Different strokes for different folks

marie3Two years ago,  the end of the world came —  my world, that is.

While I was undergoing  open heart surgery,  I had a stroke.

But there’s light at the end of  what used to be a depressingly dark tunnel and a young woman from Saskatoon has reminded me the only thing  stopping it from becoming  even brighter is me.

I’ve written about my difficulties with hemispatial neglect  and ‘stroke‘ and Marie from Saskatoon happened across one of my posts while she was  researching the use of white canes  for people plagued with  the  condition.

Collision stations

My wife and I were selling our hot sauces  at the Victoria Inner Harbour  during the recent Busker Festival and I needed to use the washroom. Rather than ‘tap’ my way about,  (I usually have my collapsible cane with me  so people can to see me  coming) I took a walk down the wild side, which is to say I went caneless.

On my way,  I knocked over a kid who was standing beside his father. He went flying. I hadn’t ‘noticed’ him and, quite understandably, the father  got pissed at what he perceived as my carelessness on my part and let me know it.

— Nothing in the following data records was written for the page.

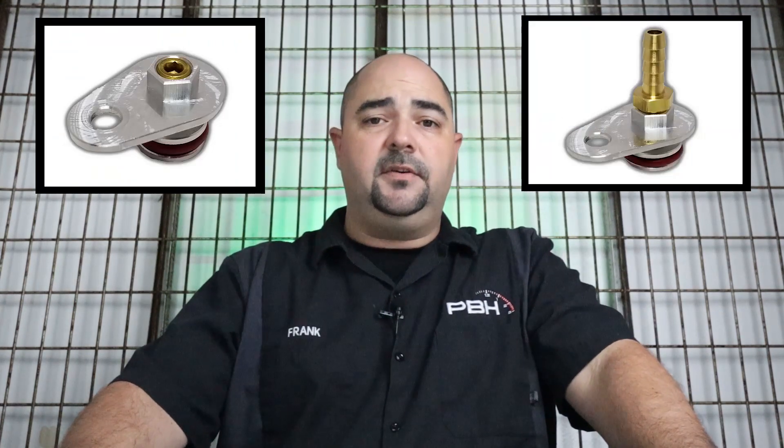There are two different ways to complete the installation of the vacuum port — one as a block off and one as a vacuum and boost reference. So we include two different attachments: one is going to be an eighth inch MPT plug, and the other one's going to be an eighth inch MPT quarter inch nipple, so you can use that to connect any type of hose and go into any type of sensor that you'd be using for data acquisition.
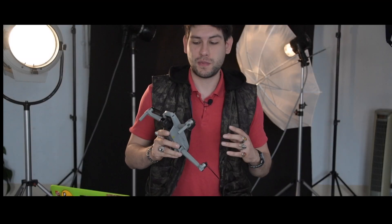El día de hoy vamos a hablar sobre cuál ha sido mi experiencia y las ventajas y desventajas que tiene el nuevo Mavic Air 2.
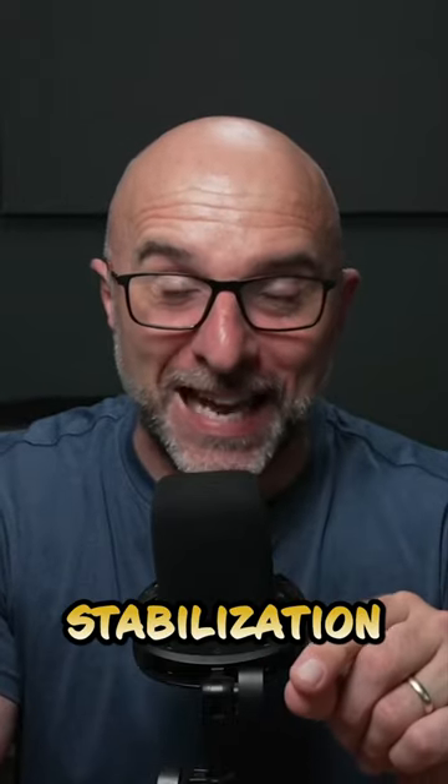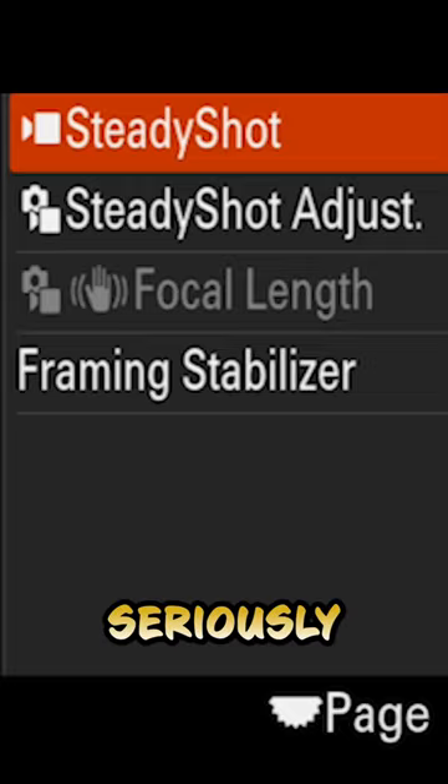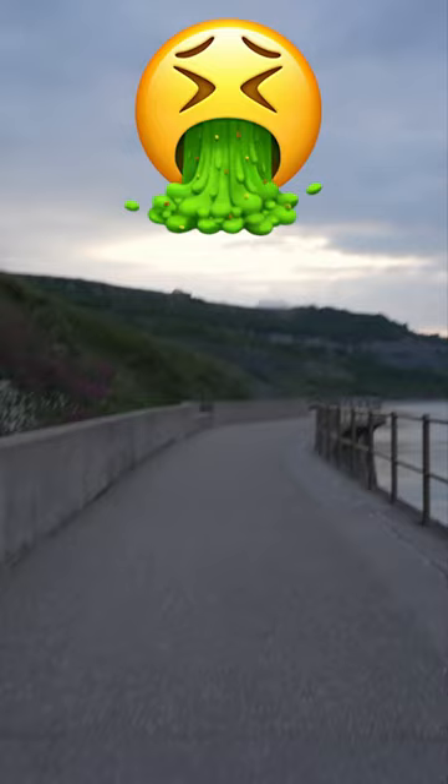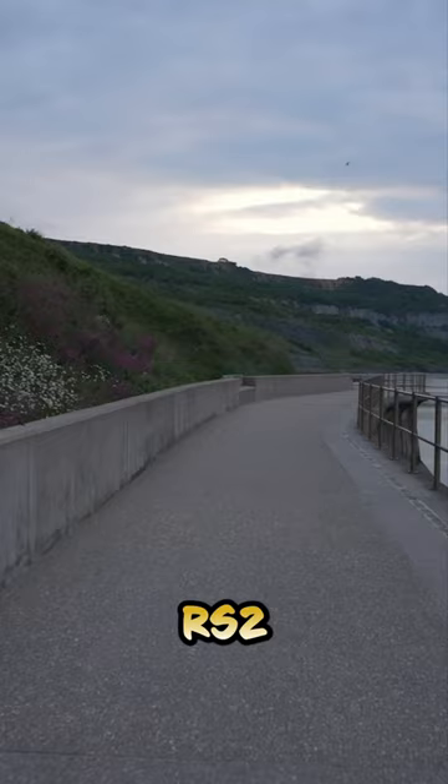The built-in stabilisation in the ZV-E1 from Sony is seriously good — so good, I reckon I can get away without using my gimbal. This is footage handheld without any stabilisation. And this is footage with the camera on the DJI Ronin RS2 gimbal.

Instead of showing him my official VBIS (Victoria Brain Injury Society) ID card which explains I have brain damage, to my regret, I responded in kind .

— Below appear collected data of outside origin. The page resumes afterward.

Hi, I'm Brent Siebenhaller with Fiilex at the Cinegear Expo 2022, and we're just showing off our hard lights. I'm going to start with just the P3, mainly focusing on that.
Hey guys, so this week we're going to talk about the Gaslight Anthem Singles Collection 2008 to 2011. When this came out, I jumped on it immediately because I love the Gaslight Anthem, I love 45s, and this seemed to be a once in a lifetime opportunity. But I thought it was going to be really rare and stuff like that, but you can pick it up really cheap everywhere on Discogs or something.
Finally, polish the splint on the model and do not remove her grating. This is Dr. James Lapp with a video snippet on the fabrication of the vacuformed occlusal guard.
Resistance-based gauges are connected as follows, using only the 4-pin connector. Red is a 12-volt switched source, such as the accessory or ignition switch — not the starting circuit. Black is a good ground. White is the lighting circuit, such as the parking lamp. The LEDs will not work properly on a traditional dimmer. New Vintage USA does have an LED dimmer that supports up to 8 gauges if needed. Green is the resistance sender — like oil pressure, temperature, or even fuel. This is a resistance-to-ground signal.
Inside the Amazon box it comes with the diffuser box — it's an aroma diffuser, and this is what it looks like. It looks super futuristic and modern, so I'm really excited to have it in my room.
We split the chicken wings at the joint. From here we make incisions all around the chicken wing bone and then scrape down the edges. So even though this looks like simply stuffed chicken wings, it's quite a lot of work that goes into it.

I always have the card with me  for  precisely this kind of situation,  but so far I’ve never had to use it  and I’d completely forgotten I  was carrying it.

 Of empty spaces

Marie Clipperton was a psych student at University of Victoria  when she had a stroke.  One of the associated deficits,  to use the medical euphemism for  ongoing problems, was right neglect,  almost the same condition as me, except  my ‘neglect’ seems to be bilateral.

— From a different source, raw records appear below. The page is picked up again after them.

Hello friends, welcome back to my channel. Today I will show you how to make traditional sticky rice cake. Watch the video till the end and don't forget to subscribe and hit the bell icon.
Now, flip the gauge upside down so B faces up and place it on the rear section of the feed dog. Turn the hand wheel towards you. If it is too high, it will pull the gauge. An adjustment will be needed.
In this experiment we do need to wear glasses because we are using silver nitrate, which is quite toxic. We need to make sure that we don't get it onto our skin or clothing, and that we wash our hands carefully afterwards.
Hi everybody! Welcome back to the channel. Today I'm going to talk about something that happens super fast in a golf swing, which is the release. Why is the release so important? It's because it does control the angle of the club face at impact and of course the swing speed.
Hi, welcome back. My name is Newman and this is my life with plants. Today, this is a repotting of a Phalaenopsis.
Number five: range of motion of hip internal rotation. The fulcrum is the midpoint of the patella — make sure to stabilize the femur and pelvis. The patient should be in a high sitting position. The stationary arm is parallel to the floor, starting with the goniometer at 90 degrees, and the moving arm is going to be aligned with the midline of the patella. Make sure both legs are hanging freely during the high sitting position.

That means  for me, it’s like I’m forever walking  through a tunnel  whose sides I don’t ‘notice’ until I physically connect with them — or  people.  It’s extremely hard to explain.

I’m not blind in the literal sense of the word word;  it’s more I have an ‘impression’  of things around me  rather than actually being able to see them.

Marie  wrote »»»

Coming across your blog was nothing short of amazing. I also have neglect … though mine is on the right. I also had a stroke, though mine was a hemmogic stroke, and I also was on the neurological ward at Vic General in Victoria BC for many weeks. Although I was just 2 weeks shy of my 27th birthday when I had my stroke, and no one ever saw it coming, our stories have a lot in common.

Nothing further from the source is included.